WHAT TO DO :: Repeat the records below verbatim, and do not copy their pictures.

BEGIN

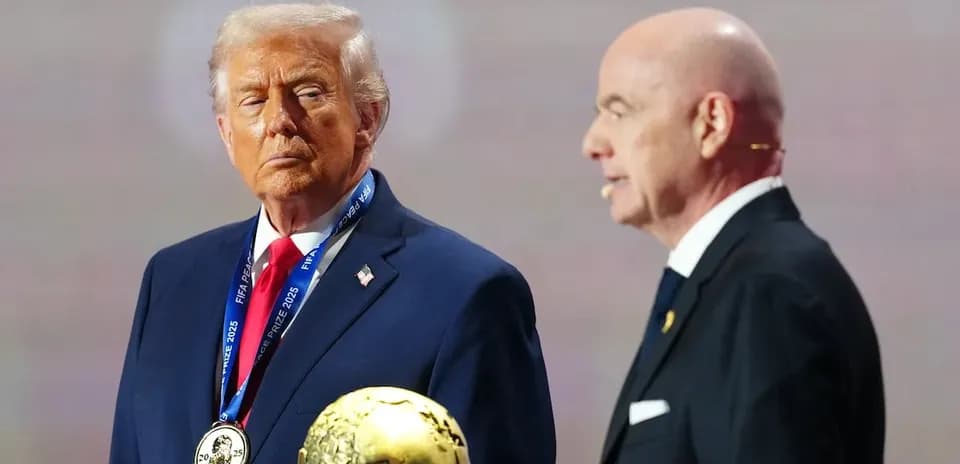 Donald Trump receiving FIFA prize from official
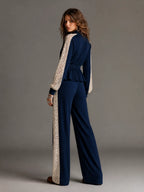 Elegant Navy Vertical Ribbed Knit Two Piece Outfit Zip Front Peplum Top Off White Floral Lace Panel Wide Leg Pants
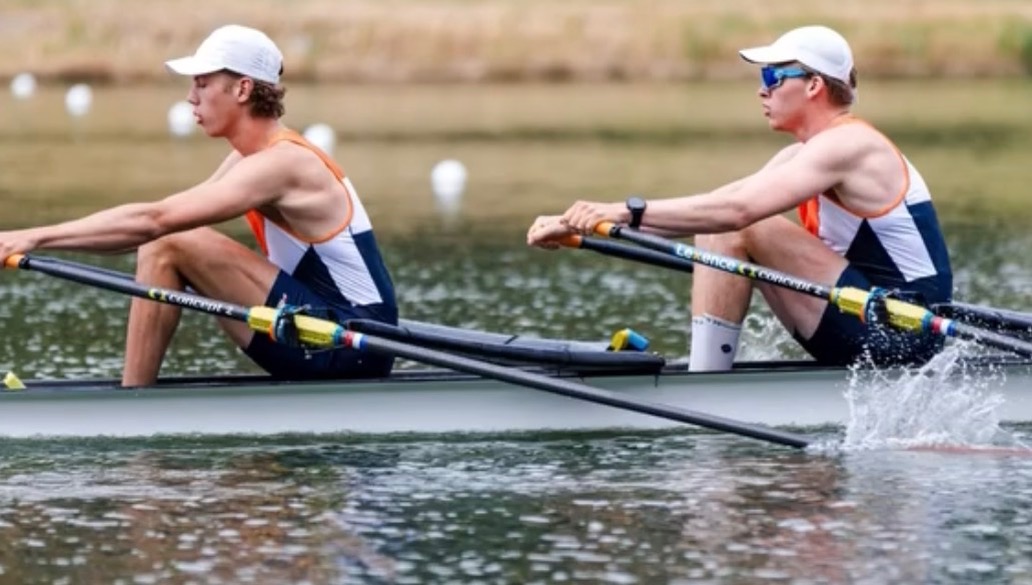 Twee roeiers in een tweepersoonsboot peddelen synchroon over het water tijdens een wedstrijd
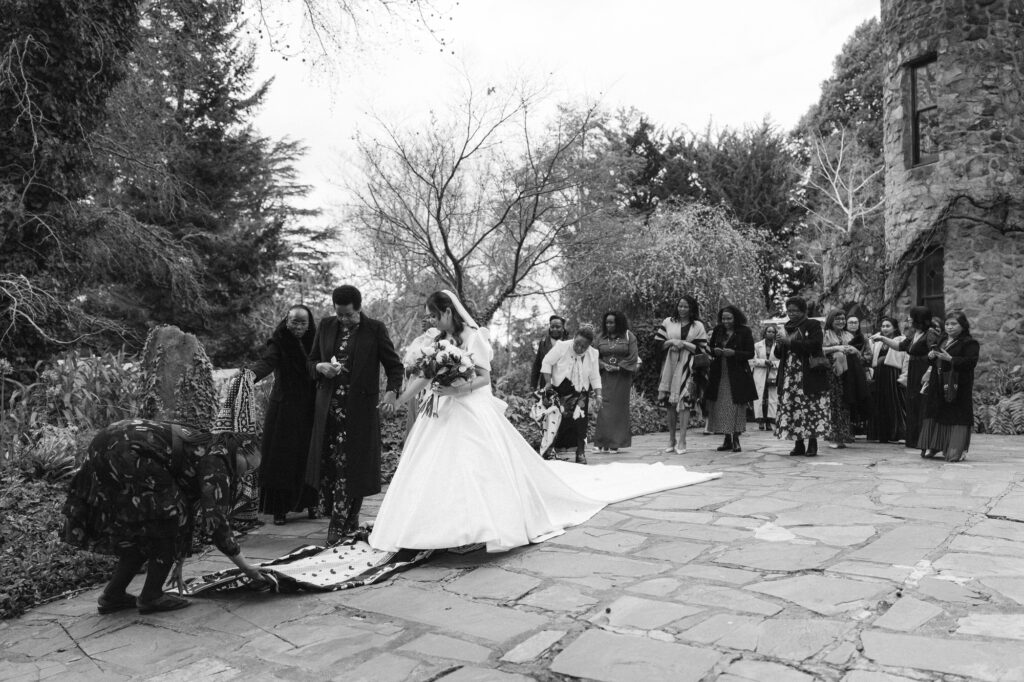 Bride Karen being joyfully escorted to the ceremony by a group of African women, singing and clapping as they walk through the gardens at The Manor Basket Range.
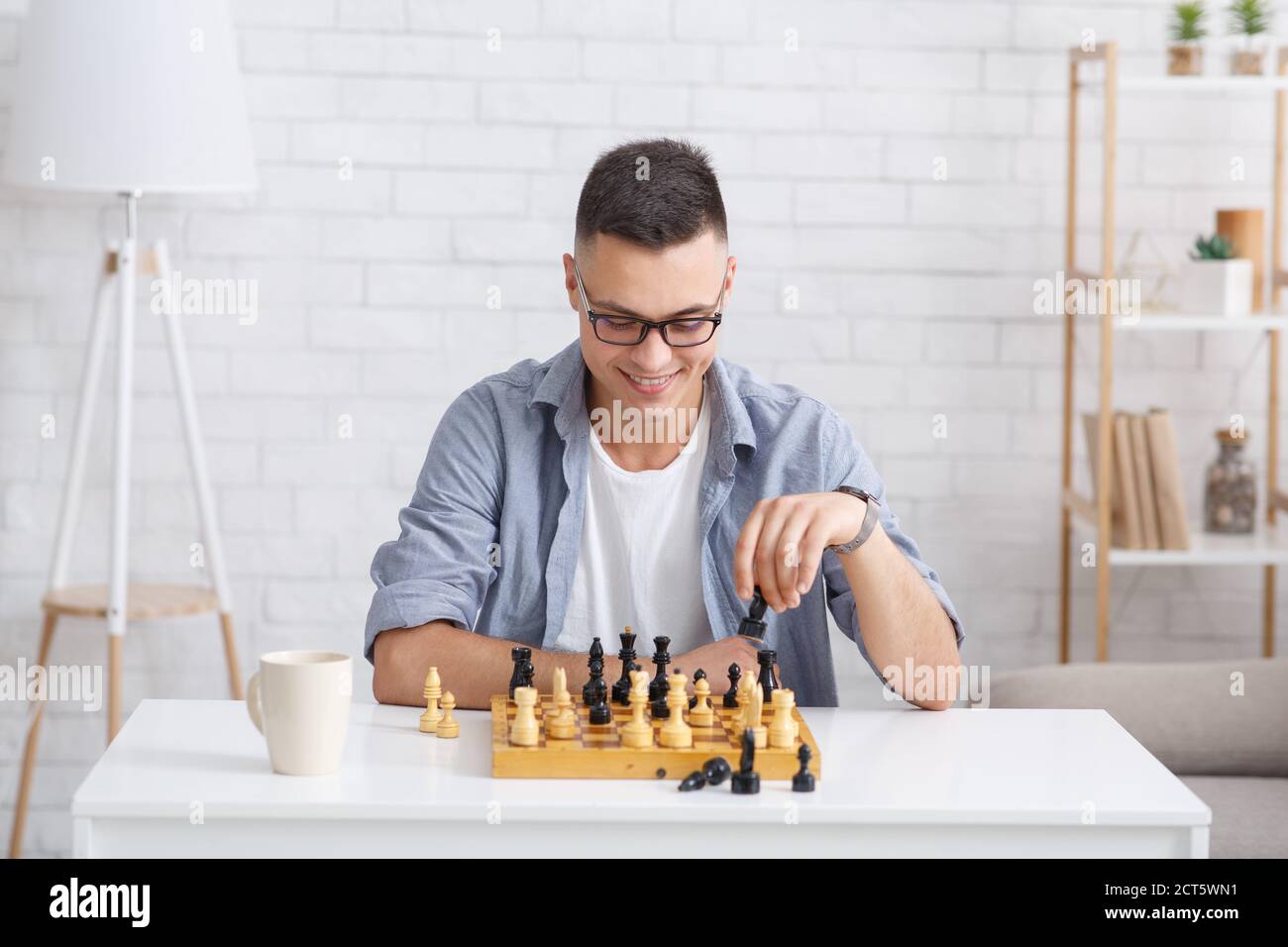 Japanese Man Playing Virtual Chess With Friend Online During Social  Distancing Times High-Res Stock Photo - Getty Images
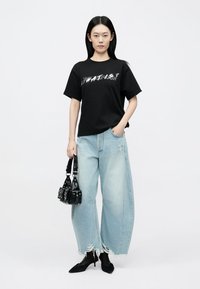 T-shirt gráfica preta com texto branco, combinada com jeans azul claro de perna larga, com bainhas desfiadas. Modelo segura uma pequena mala preta.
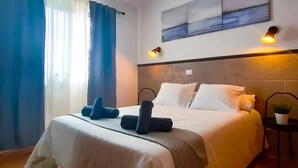Een hotelkamer met een bed, een hoofdbord, een aan de muur hangend schilderij en een kleintje tafeltje met een plant.
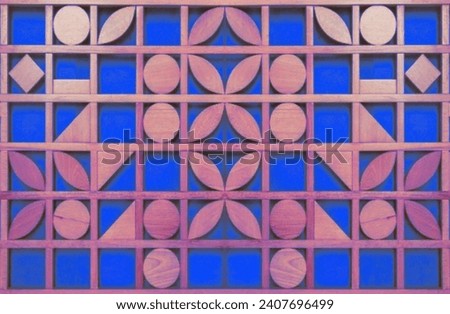 In the picture is an art picture from cutting a wooden floor into shapes. In the picture is an art picture from cutting a wood floor into shapes such as circles, squares, triangles, and elongated oval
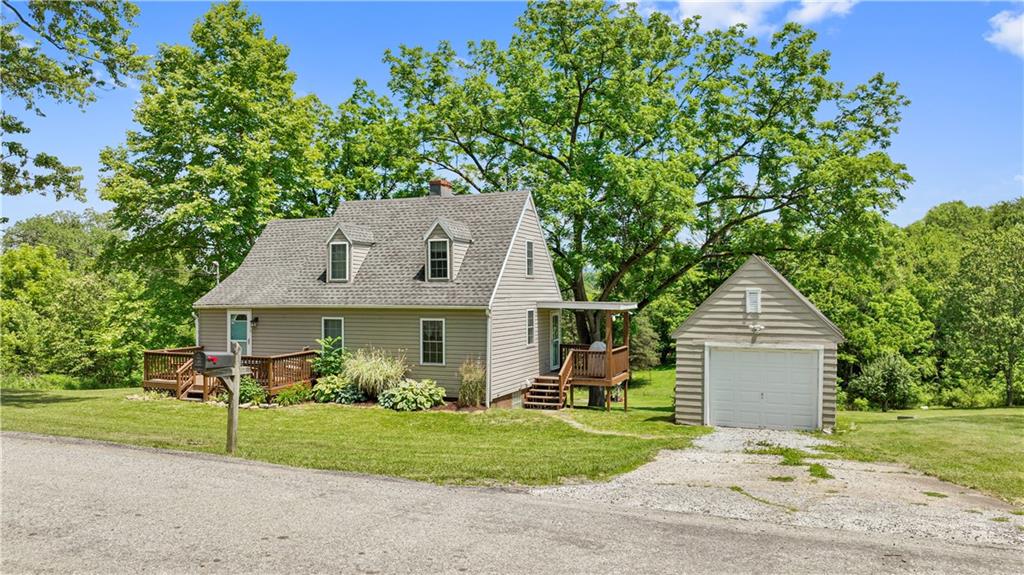 815 Arbor Ln Mount Mount Pleasant, PA 15666 - Photo 2 of 25 a front view of a house with a yard and garage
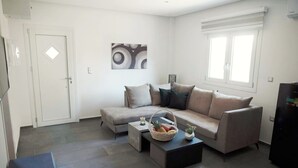 Un salon moderne avec un canapé gris, une table basse sur laquelle on a posé des fruits et un tableau accroché au mur.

END

SOLUTION BELOW ::
 Donald Trump receiving FIFA prize from official
 Elegant Navy Vertical Ribbed Knit Two Piece Outfit Zip Front Peplum Top Off White Floral Lace Panel Wide Leg Pants
 Twee roeiers in een tweepersoonsboot peddelen synchroon over het water tijdens een wedstrijd
 Bride Karen being joyfully escorted to the ceremony by a group of African women, singing and clapping as they walk through the gardens at The Manor Basket Range.
 Japanese Man Playing Virtual Chess With Friend Online During Social  Distancing Times High-Res Stock Photo - Getty Images
 T-shirt gráfica preta com texto branco, combinada com jeans azul claro de perna larga, com bainhas desfiadas. Modelo segura uma pequena mala preta.
Een hotelkamer met een bed, een hoofdbord, een aan de muur hangend schilderij en een kleintje tafeltje met een plant.
 In the picture is an art picture from cutting a wooden floor into shapes. In the picture is an art picture from cutting a wood floor into shapes such as circles, squares, triangles, and elongated oval
 815 Arbor Ln Mount Mount Pleasant, PA 15666 - Photo 2 of 25 a front view of a house with a yard and garage
 Un salon moderne avec un canapé gris, une table basse sur laquelle on a posé des fruits et un tableau accroché au mur.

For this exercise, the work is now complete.